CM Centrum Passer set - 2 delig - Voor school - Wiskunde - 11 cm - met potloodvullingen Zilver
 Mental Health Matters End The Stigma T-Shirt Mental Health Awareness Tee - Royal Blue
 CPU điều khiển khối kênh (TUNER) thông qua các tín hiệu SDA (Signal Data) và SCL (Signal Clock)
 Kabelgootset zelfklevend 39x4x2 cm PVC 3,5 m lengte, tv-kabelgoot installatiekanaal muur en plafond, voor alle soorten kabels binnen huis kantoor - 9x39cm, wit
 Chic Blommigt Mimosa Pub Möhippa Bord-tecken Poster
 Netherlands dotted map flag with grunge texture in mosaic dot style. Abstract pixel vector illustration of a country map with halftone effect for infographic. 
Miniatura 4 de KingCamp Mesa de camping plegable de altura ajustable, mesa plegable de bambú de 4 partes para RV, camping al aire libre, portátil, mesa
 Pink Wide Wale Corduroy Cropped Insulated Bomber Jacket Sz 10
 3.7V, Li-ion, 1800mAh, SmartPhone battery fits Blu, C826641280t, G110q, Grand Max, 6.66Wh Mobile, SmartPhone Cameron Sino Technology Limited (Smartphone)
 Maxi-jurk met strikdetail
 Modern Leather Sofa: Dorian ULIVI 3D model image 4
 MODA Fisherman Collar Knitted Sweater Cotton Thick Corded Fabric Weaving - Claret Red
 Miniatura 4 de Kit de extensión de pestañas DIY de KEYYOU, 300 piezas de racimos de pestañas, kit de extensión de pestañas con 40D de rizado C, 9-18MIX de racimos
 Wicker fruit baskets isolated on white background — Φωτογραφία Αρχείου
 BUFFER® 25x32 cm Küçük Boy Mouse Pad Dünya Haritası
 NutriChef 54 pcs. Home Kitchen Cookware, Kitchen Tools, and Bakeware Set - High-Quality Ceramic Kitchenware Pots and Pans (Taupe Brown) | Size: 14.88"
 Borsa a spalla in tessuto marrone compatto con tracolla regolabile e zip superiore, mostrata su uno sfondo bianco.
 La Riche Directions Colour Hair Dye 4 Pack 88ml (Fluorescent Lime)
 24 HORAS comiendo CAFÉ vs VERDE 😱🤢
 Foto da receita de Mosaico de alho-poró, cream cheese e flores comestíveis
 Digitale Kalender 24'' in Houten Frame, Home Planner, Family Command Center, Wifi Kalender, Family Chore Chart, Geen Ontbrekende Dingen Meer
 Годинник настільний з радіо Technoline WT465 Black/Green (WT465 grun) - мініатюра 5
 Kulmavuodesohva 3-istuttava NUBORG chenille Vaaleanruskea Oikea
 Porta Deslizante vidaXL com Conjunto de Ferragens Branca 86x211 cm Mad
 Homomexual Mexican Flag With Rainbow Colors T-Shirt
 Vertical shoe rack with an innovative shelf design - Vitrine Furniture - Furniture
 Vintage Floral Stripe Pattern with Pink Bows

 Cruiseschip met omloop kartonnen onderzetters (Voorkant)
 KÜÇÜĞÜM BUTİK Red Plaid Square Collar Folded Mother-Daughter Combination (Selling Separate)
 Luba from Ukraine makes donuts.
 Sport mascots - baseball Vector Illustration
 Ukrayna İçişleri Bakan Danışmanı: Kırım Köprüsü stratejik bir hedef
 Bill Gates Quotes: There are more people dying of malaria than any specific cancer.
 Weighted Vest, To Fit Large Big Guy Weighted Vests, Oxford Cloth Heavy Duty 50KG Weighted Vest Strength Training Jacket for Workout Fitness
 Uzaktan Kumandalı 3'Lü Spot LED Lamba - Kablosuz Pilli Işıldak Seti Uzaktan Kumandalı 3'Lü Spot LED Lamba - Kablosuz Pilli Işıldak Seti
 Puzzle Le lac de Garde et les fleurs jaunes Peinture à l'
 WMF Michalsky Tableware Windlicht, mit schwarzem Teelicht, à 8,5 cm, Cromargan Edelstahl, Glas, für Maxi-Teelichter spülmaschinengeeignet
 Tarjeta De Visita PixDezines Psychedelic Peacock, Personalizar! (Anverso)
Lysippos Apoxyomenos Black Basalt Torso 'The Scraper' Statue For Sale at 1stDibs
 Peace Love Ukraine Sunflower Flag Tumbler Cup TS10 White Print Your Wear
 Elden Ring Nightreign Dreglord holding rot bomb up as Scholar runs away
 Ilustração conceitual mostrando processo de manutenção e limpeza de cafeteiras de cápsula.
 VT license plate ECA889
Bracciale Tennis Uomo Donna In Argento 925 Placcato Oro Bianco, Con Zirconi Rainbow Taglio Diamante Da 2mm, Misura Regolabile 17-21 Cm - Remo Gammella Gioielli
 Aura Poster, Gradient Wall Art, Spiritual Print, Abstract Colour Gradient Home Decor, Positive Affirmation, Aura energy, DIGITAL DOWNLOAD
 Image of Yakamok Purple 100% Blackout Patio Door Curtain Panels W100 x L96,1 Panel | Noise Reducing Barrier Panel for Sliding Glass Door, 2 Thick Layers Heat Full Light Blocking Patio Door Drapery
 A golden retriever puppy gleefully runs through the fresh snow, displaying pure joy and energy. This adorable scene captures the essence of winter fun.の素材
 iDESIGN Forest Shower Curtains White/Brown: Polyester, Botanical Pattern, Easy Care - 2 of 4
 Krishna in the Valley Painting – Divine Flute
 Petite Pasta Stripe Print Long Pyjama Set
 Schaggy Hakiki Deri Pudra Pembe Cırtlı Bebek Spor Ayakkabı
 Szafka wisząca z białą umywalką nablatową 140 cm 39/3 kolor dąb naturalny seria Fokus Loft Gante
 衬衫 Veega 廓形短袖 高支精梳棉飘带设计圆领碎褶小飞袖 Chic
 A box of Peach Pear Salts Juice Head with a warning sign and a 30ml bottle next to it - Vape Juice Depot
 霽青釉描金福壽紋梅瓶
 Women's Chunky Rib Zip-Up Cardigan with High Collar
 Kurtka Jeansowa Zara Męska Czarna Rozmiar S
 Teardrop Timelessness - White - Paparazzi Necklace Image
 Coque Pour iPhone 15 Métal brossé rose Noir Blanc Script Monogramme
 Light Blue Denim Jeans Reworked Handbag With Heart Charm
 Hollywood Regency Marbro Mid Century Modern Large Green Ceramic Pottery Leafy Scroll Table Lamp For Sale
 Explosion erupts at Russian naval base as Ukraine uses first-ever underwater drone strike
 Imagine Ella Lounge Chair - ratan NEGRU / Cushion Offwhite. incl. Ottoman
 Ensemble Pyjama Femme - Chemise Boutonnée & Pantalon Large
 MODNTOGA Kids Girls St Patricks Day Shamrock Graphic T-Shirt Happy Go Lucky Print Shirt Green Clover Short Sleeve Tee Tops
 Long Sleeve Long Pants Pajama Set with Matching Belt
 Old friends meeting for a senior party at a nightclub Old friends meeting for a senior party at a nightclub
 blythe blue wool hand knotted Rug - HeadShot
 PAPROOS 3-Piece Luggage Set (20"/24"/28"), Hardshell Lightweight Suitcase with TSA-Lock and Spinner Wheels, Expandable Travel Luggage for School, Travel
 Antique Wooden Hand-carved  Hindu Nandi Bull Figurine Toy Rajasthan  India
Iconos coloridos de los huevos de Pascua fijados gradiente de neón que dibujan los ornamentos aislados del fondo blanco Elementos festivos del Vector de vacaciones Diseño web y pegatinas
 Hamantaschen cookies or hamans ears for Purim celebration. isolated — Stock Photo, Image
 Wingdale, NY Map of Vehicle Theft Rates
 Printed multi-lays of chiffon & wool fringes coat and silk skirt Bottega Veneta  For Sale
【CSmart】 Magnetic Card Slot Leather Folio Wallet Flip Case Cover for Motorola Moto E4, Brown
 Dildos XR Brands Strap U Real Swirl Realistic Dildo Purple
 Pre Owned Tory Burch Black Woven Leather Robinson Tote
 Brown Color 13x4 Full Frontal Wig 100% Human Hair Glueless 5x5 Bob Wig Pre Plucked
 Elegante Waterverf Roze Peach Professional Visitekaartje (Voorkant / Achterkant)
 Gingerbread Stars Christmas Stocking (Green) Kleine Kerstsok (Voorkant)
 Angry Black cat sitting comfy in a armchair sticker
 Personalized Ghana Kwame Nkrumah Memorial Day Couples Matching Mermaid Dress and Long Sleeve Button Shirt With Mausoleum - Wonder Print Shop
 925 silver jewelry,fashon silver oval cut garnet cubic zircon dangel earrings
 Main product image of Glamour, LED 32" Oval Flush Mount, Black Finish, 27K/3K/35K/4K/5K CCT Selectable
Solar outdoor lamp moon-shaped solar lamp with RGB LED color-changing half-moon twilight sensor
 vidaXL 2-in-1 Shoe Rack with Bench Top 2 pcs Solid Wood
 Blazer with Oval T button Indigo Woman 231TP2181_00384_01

━━━━━━

### Task goal:
Starting from the records above, filter out all lines except those containing the word "Matching".

### Written answer:
 Long Sleeve Long Pants Pajama Set with Matching Belt
 Personalized Ghana Kwame Nkrumah Memorial Day Couples Matching Mermaid Dress and Long Sleeve Button Shirt With Mausoleum - Wonder Print Shop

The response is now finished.